[Date Prev][Date Next][Thread Prev][Thread Next][Date Index][Thread Index]
DYNAMIC-WIND vs. multi-processing
Date: Wed, 12 May 93 15:09:19 HKT
From: shivers@csd.hku.hk
Except for top-level variables, CALL-WITH-CURRENT-CONTINUATION
captured the whole state of a computation.
I do not think so. Consider the file system. The characters you typed in from
your keyboard. The time of day. The program store, including non-"top level"
variables and arrays. This "captures all the state" notion is definitely not a
reason to defend CALL/CC. In real programs, there's a lot it doesn't capture.
You are correct about the file system. My sentence should be modified
to be "Except for ports and top-level variables, ..." In practice,
people don't expect copies of the file system to be spawned for each
process. So I don't think it affects the validity of my claim.
The program store is stored as the values of top-level variables. I
don't see how you can consider the time of day to be a stored
parameter. It is computed fresh on every call.
I also do not believe in the idea of "a" computational top-level. There never
is one, barring maybe the boot prom. Scheme programs do not have to have the
model of running inside a read-eval-print loop. So saying that you grab the
entire future of the computation back to the top level begs the question.
Which top level? You need operators to define "top level" with respect to a
particular computational point of view. I do not think deeply about these
things, but some people do: Felleisen, Danvy, and Filinski have written a lot
of papers dealing with these issues. So, again, I think CALL/CC comes up a
little short of being the right thing.
Say what? R4RS Section 5.2.1 is Top level definitions. Those are the
ones I am referring to. In a discussion on this group a while ago,
several people (including me) suggested changes which would have
eliminated differences in behaviour between top-level and internal
definitions. But there would still be a top level.
Generally, I think CALL/CC is not the way to do threads. For one, it allows
you to invoke a continuation multiple times, which never happens with a thread
continuation.
Because CWCC is more powerful than threads is not an argument that
CWCC cannout be used to implement threads.

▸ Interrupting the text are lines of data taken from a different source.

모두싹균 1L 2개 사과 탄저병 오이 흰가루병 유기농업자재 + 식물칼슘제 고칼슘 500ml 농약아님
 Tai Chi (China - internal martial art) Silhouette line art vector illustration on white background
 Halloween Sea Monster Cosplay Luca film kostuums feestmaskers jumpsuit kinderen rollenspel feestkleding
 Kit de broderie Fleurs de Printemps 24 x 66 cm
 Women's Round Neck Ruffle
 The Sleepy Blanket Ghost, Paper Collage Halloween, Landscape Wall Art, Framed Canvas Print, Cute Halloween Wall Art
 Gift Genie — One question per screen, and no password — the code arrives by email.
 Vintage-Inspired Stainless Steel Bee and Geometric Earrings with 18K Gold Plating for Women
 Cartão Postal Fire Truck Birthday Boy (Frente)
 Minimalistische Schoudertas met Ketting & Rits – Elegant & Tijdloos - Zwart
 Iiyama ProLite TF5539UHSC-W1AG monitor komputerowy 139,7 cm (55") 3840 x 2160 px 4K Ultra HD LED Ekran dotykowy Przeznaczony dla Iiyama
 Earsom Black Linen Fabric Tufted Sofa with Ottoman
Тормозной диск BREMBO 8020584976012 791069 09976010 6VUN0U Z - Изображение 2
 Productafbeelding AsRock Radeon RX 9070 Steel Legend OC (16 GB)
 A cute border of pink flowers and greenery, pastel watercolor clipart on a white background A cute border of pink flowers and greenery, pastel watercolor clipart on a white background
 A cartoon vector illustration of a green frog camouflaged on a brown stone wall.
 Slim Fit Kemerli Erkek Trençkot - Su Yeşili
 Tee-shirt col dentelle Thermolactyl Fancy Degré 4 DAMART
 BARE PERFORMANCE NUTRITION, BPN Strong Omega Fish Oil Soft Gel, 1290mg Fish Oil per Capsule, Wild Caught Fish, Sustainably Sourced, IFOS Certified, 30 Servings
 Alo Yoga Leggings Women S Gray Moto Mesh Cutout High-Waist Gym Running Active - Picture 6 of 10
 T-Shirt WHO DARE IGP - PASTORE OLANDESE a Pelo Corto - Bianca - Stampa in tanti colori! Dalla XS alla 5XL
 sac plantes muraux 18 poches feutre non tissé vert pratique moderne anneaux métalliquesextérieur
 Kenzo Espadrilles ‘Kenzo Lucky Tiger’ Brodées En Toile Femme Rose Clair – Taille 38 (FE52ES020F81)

For two, it is a serial model of concurrency, which does not
cut the mustard.
Because CWCC threads are "serial" does not preclude the existence of a
"non-serial" thread implementation.
...
this model doesn't handle true parallel execution. An example: suppose I
wanted my threads to each have their own Unix current working directory, so I
had DYNAMIC-WIND do chdir's going in and cwd's coming out. Then on every
thread switch, I could do an (expensive, slow) mutation of the shared process
state to put each thread in his own configuration of that state. But how do I
model running threads on a parallel processor, where more than one thread can
execute at once? CALL/CC and DYNAMIC-WIND don't handle this. I think a thread
model should have semantics that are independent of whether you are using a
uniprocessor or multiprocessor implementation.
Another contrived example: a thread corresponds to a vertex in some tree data
structure your program has built. Whenever you switch into a thread, you
re-root the tree so the resumed thread is the new root. OK, fine, DYNAMIC-WIND
will take care of you. BUT: what happens when you want to run your algorithm
on a parallel machine? It's just not a good model.
If you want your program to run on multiple-proccessor machines you
will have to protect shared resources with some sort of semaphome,
regardless of whether you use CWCC or not. A program which DOES
protect its shared resources will run on either true
multiple-proccessors or on an CWCC threads implementation.
I am NOT claiming that any program which uses CWCC can run on multiple
processors, I am claiming that R4RS scheme can implement threads and
that DYNAMIC-WIND can break this non-locally.
I think that it might be nice to recognise the unlimited extent of
CALL/CC-grabbed continuations, and really provide for a true cleanup-on-exit
feature with a procedure
(when-finished thunk cleanup-thunk)
This call returns the value of (THUNK). However, sometime after
WHEN-FINISHED's (and THUNK's) continuation is transferred to for the last
time, CLEANUP-THUNK will be run.
- On a normal return, with no retained inner continuations, this
is just like UNWIND-HANDLER
- If you retain a continuation so that you can return through
THUNK multiple times, you may have to delay running the cleanup
action until THUNK's continuation is gc'd.
So, in other words, you can safely arrange for some resource to be available
to the computation THUNK, and also know that it will be released when the
computation is finished. Garbage collection does not handle all resource
allocation problems -- you can't rely on it to free up temp files, for
example. Another example: WHEN-FINISHED provides a more general solution to
the CALL-WITH-INPUT-FILE problem to which you referred.
I believe that what you are suggesting can be implemented using
"finalizations" which were proposed a while ago.
If you do that, I am really running out of reasons to have DYNAMIC-WIND at
all.
I don't think you have addressed a way to implement dynamic binding.
Alternately, one might say that users should just avoid the use of
DYNAMIC-WIND if they want to multi-process.
If users want to multi-process, they should use a concurrent language,
which straight, simple R4RS Scheme is not. CALL/CC with or without
DYNAMIC-WIND is not the way to do concurrency.
All R4RS needs to implement concurrent programs is the addition
semaphores. There are even algorithms which implement this without
additional primitives. CWCC can be used to implement a threads
package. Therefore, R4RS IS a concurrent language!